Today, not only has much of that faith been replaced–however temporarily–with stubborn skepticism, but many enterprises are also going back to basics, rejecting the transforming promise of e-business and focusing on cutting costs wherever possible.
Its into this environment that Champy has submitted the latest chapter in his re-engineering series. While “X-Engineering the Corporation: Reinventing Your Business in the Digital Age” effectively updates the BPR (business process re-engineering) philosophy for the post dot-com era, its unlikely that his newest book will have anything close to the impact of the original. Thats only partly due to the current conservative business environment, in which the last thing many managers seem to want is new or even recycled ideas. Its also due to some shortcomings in Champys latest work. Often, for example, the formula Champy uses—case studies leavened with stirring appeals for managers to jump on board the X-Engineering bandwagon—feel like a pale copy of what was fresh nine years ago. At the same time, many of the case studies seem short on prescriptive details.
Not that Champy doesnt present a logical case for what he calls X-Engineering. The BPR craze he helped launch in 1993, says Champy, was all about identifying and recasting a companys core internal processes: how it got products to market, for example, from initial customer order to final fulfillment. X-Engineering, on the other hand, is all about extending those processes so that they seamlessly mesh externally with the business processes of customers, suppliers and other partners.
“I now see companies in a much larger perspective,” Champy writes, “not just as individual producers of goods and services but as combinations of processes. These processes interact with each other and with the processes of other organizations.”
Its hard to argue with the need for companies to extend their business processes in this way or with Champys contention that technology—specifically the Internet—will be the key to enabling this. Champy argues forcefully and well that the failures of many of the e-marketplaces that attempted just this kind of cross-enterprise collaboration should be blamed on incorrect business models and short-sighted investment decisions rather than the lack of a compelling need for inter-enterprise collaboration.
But, while Champy makes a strong theoretical case for X-Engineering, he comes up a bit short on the details. “X-Engineering the Corporation” is full of case studies on companies such as Dell, Solectron, Grainger and SciQuest, all of which Champy describes as having moved well down the X-Engineering path by rolling out e-procurement sites for customers or, in the case of Dell, working with suppliers to build inter-enterprise, Web-based business processes that reduce inventories. The problem with most of these case studies is that they lack the gritty, blood-on-the-floor details on how these leading companies managed to put these cross-enterprise processes and systems in place. While Champy notes, for example, that such work requires agreement on standards such as XML definitions and schema, he never tells the reader exactly how a company such as Grainger managed to get competing suppliers to agree to such standards. Nor will the reader find any specifics on the technologies that were used to turn X-Engineering visions into realities at these companies.

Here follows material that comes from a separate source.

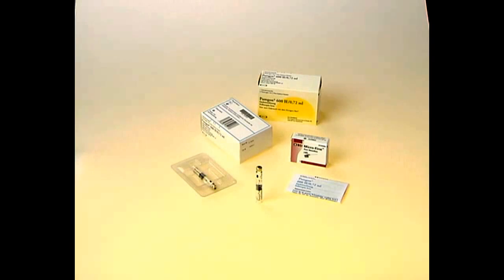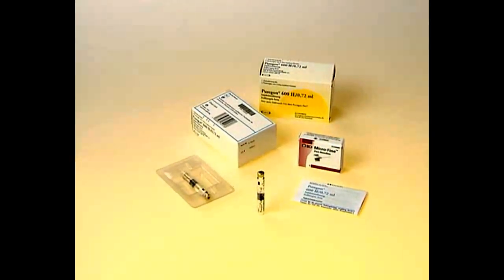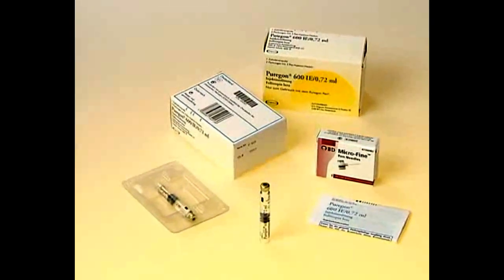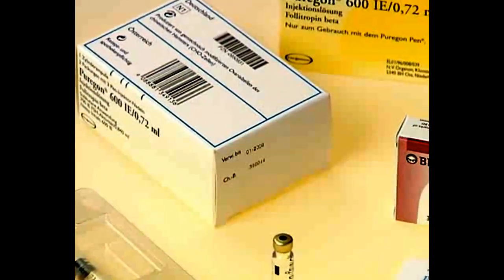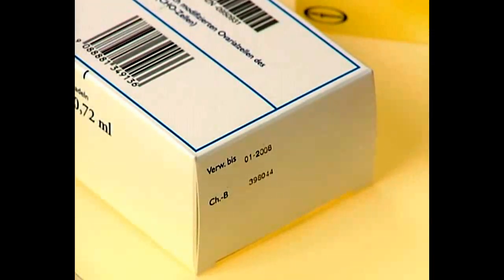If you decide to keep your Purigone cartridges outside the refrigerator, please remember that you can only store unused cartridges for up to three months at temperatures up to a maximum of 25 degrees Celsius, or until the expiry date printed on the cartridge carton, whichever occurs first.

As is now known by many IT managers who bought into BPR Phase I, achieving business change on the scale that Champy advocates here can be an extremely difficult, career-threatening proposition. Without a bit more “how-to” detail from Champy, its unlikely many will be willing to take on the X-Engineering challenge.
- Title: X-Engineering the Corporation: Reinventing Your Business in the Digital Age
- Author: James Champy
- Publisher: Warner Business Books (www.twbookmark.com)
- Length: 232 pages
- Price: $25.95
Contact eWeek Executive Managing Editor Jeff Moad at jeff_moad@ziffdavis.com.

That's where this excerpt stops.